Unable to compile trig functions through ForwardDiff
Closed this issue · 4 comments
MWE:
using Metal, KernelAbstractions, ForwardDiff
X = Metal.MtlArray(fill(0.1f0, 128))
Y = copy(X)
@kernel function mwe_kernel(out, a)
I = @index(Global, Linear)
out[I] = ForwardDiff.derivative(sin, a[I])
end
kernel = mwe_kernel(Metal.MetalBackend())

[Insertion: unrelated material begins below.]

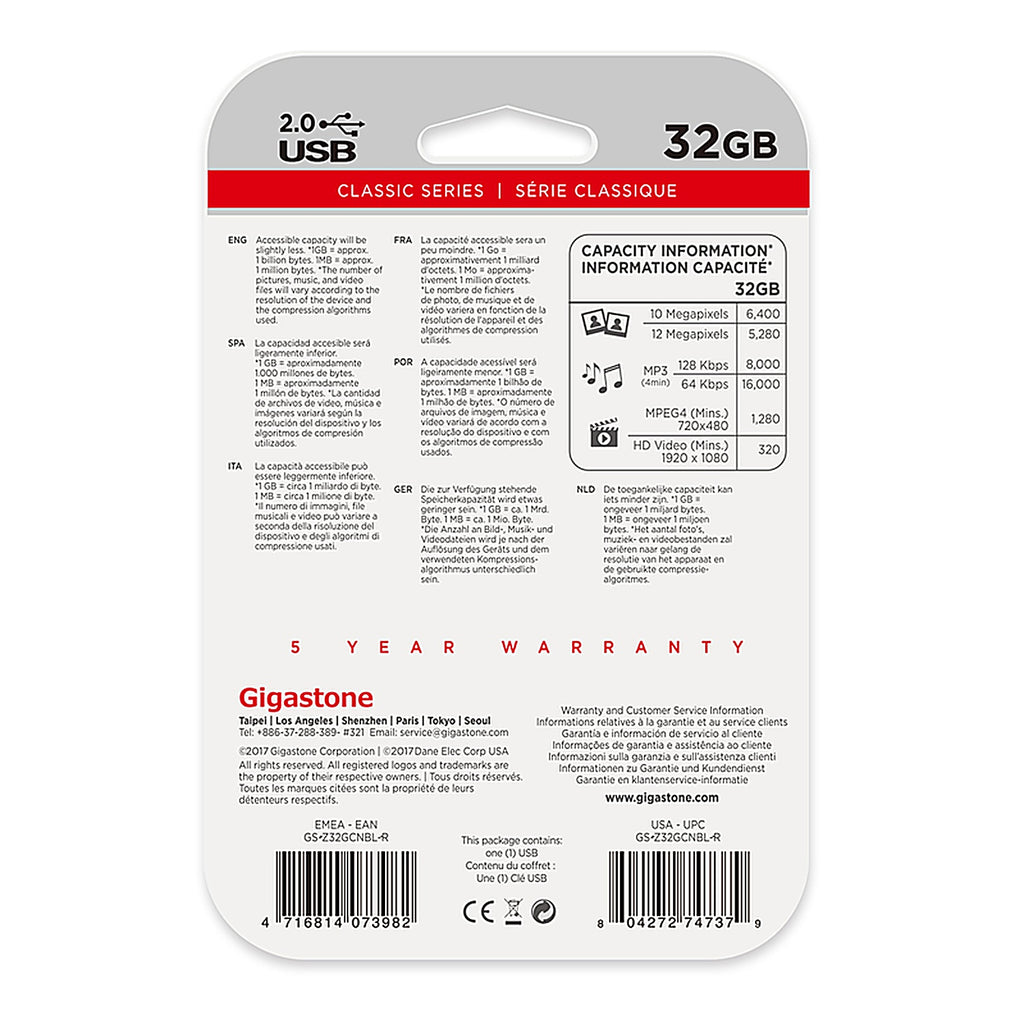 Gigastone GS-Z32GCNBL-R Flash Drive 32 1 pk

kernel(Y, X, ndrange = size(Y))
Output:
ERROR: InvalidIRError: compiling MethodInstance for gpu_mwe_kernel(::KernelAbstractions.CompilerMetadata{KernelAbstractions.NDIteration.DynamicSize, KernelAbstractions.NDIteration.DynamicCheck, Nothing, CartesianIndices{1, Tuple{Base.OneTo{Int64}}}, KernelAbstractions.NDIteration.NDRange{1, KernelAbstractions.NDIteration.DynamicSize, KernelAbstractions.NDIteration.DynamicSize, CartesianIndices{1, Tuple{Base.OneTo{Int64}}}, CartesianIndices{1, Tuple{Base.OneTo{Int64}}}}}, ::MtlDeviceVector{Float32, 1}, ::MtlDeviceVector{Float32, 1}) resulted in invalid LLVM IR
Reason: unsupported call to an unknown function (call to gpu_malloc)
Stacktrace:
[1] malloc
@ ~/.julia/packages/GPUCompiler/YO8Uj/src/runtime.jl:88
[2] macro expansion
@ ~/.julia/packages/GPUCompiler/YO8Uj/src/runtime.jl:183
[3] macro expansion
@ ./none:0
[4] box
@ ./none:0
[5] box_int64
@ ~/.julia/packages/GPUCompiler/YO8Uj/src/runtime.jl:212
[6] indexed_iterate
@ ./tuple.jl:97
[7] sin
@ ~/Developer/jl-forward-diff/dev/ForwardDiff/src/dual.jl:697
[8] derivative
@ ~/Developer/jl-forward-diff/dev/ForwardDiff/src/derivative.jl:14
[9] macro expansion
@ ~/Developer/jl-forward-diff/mwe.jl:8
[10] gpu_mwe_kernel
@ ~/.julia/packages/KernelAbstractions/cWlFz/src/macros.jl:90
[11] gpu_mwe_kernel
@ ./none:0
I don't really know the first thing about how the GPU compiler works (though am keen to learn), but I had a look with Cthulhu.jl all the same. I noticed using @device_code_llvm
that when I have just sincos(a[I])[1]
(without the ForwardDiff.derivative
) call, then I get
%29 = call float @air.sincos.f32(float %28)
But with ForwardDiff.derivative(sin, a[I])
and code_typed(err; interactive = true)
, I see:
%3 = call [2 x float] @j_sincos_4567(float %2) #0
which to me looks like it's trying to call the Julia sincos
function instead of the Metal / air one?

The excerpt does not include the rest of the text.